__Given information__.

--*--

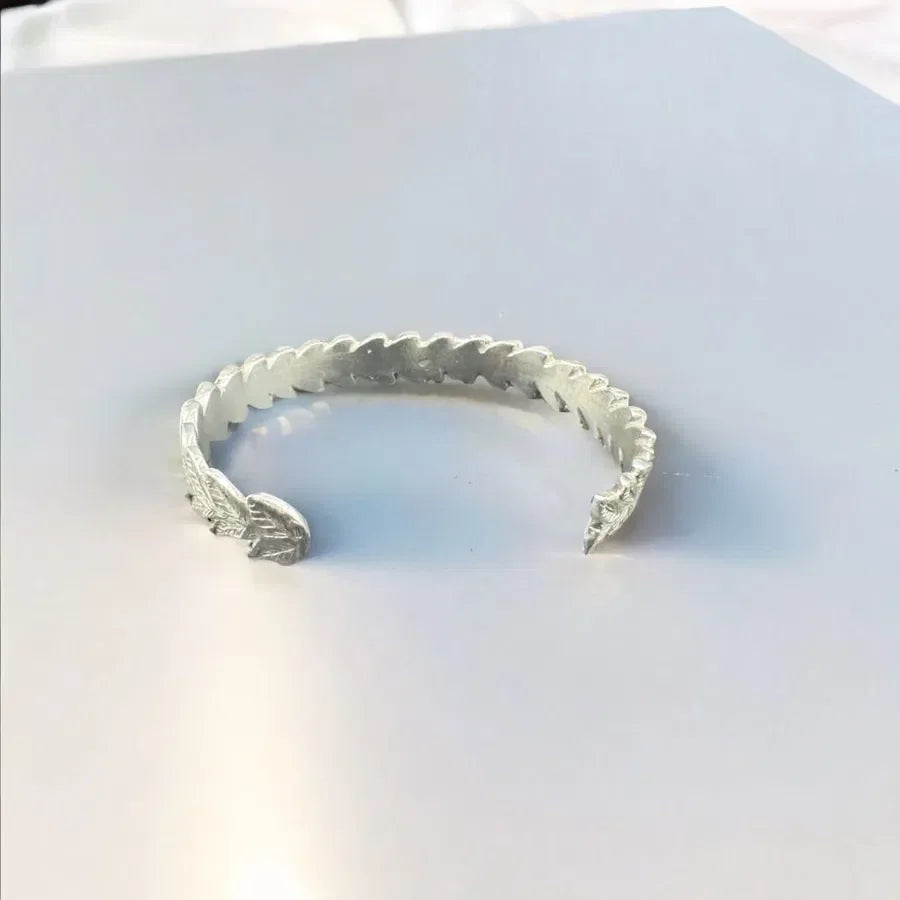 Handcrafted silver cuff bracelet with textured, leaf-inspired sculptural design on white background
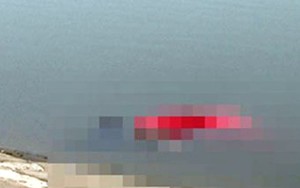 Tìm thân nhân thi thể phụ nữ mặc váy đỏ nổi trên hồ Trung Văn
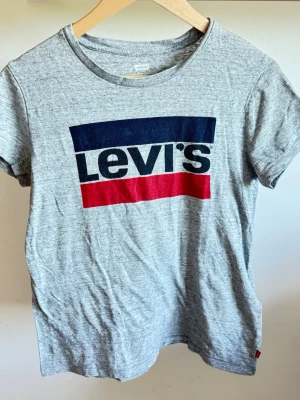 Grå Levi's t-shirt med logga strl XS - Snygg grå t-shirt från Levi's med klassisk stor logga i blått och rött framtill. T-shirten har rund halsringning och korta ärmar. Tillverkad i mjuk bomull för en bekväm känsla. Perfekt till jeans eller shorrts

--*--

Each line from the first line of the material above through the line containing "Tìm thân nhân" is to be reproduced exactly, with both ends kept and pictures left out.

 Handcrafted silver cuff bracelet with textured, leaf-inspired sculptural design on white background
 Tìm thân nhân thi thể phụ nữ mặc váy đỏ nổi trên hồ Trung Văn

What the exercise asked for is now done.